In 1985, however, Bowie introduced his band Brass Fantasy to the label with I Only Have Eyes for You and broached new sonic territory for the imprint. Brass Fantasy was comprised of one drummer and eight horns: four trumpets, two trombones, French horn, and tuba. The lineup recalled the famously creative marching bands of Historically Black Colleges and Universities as well as Army fife and bugle corps, but the repertoire was distinctly Lester. In addition to “Saving All My Love,” the band covered “Crazy,” the Willie Nelson classic often associated with Patsy Cline, and “Blueberry Hill,” the Fats Domino hit.
A dual musical personality
In a 1995 interview with Ted Panken at WKCR-FM, Lester Bowie explained that his background in R&B helped form the band’s personality. “When we first started, I’d play with the Art Ensemble one night, and Jackie Wilson the next night, then back to the Art Ensemble and an AACM concert [the Association for the Advancement of Creative Musicians, the Chicago-based collective that nurtured many of the city’s musical revolutionaries], and then off on the road with Jerry Butler or Joe Tex or Rufus Thomas.
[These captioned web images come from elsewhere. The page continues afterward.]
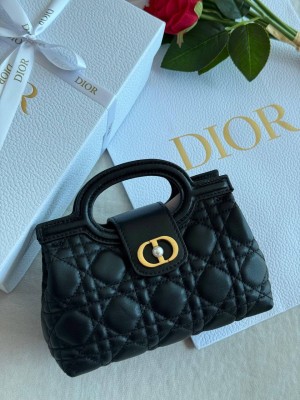Сумка Dior 31810 1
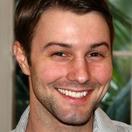 Jerad Anderson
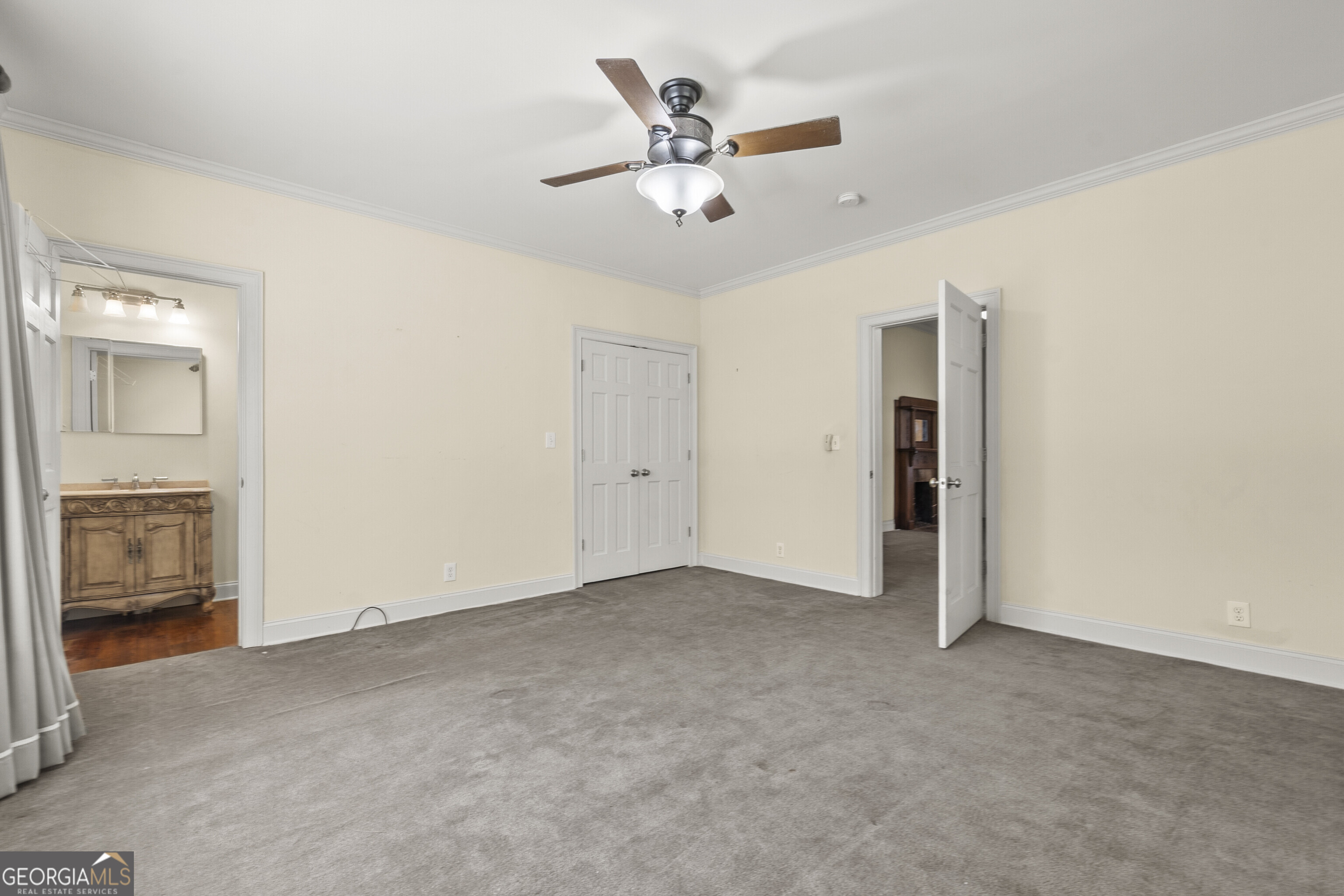 1197 Borum Street Unadilla, GA 31091 - Photo 53 of 61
I worked with just about all of the R&B people during that period.” Bowie auditioned on three separate occasions to be in James Brown’s band.
Despite his work in R&B, his trumpet style was jazz, through and through. His playing was marked by smears, blats, and growls. Trumpeter and composer Hugh Ragin said of Bowie’s style, “This opened my eyes to what can be done with sound pictures for solo trumpet.” He looked the part too: With the Art Ensemble, he usually wore a white lab coat on stage, a vital part of their elaborate, Afrocentric cosplay.
The legacy of Lester Bowie’s Brass Fantasy
Lester Bowie and Brass Fantasy left ECM after 1986’s Avant Pop, but they continued to make popular music a cornerstone of their rambunctious repertoire. Subsequent recordings included covers of the Godfather’s “Papa’s Got a Brand New Bag,” Bobby McFerrin’s “Don’t Worry, Be Happy,” and TLC’s “Waterfalls.”
Bowie’s championing of popular music became an important part of jazz throughout the ‘80s. Although the dominant trend in the genre was the rise of the neo-traditionalists like Wynton Marsalis, those outside the mainstream made thrilling music that often embraced music that had ruled the charts. The World Saxophone Quartet, a group often regarded on the same elite tier as the Art Ensemble of Chicago, did a recording of soul classics, and piano great Mal Waldron covered legendary songs by Michael Jackson and Stevie Wonder.
Bowie’s style and approach remain influential today. It’s easy to hear Bowie in the work of leading trumpeters like Ambrose Akinmusire and Jaimie Branch. Trumpeter Dave Douglas who founded the group Brass Ecstasy as a tribute to Brass Fantasy said of Bowie, “I feel like Lester gave me permission to do a lot of what I do – to explore sound, to explore genre, to cultivate surprise, and to transform oneself from night to night. And to do it gracefully with soul and humor.”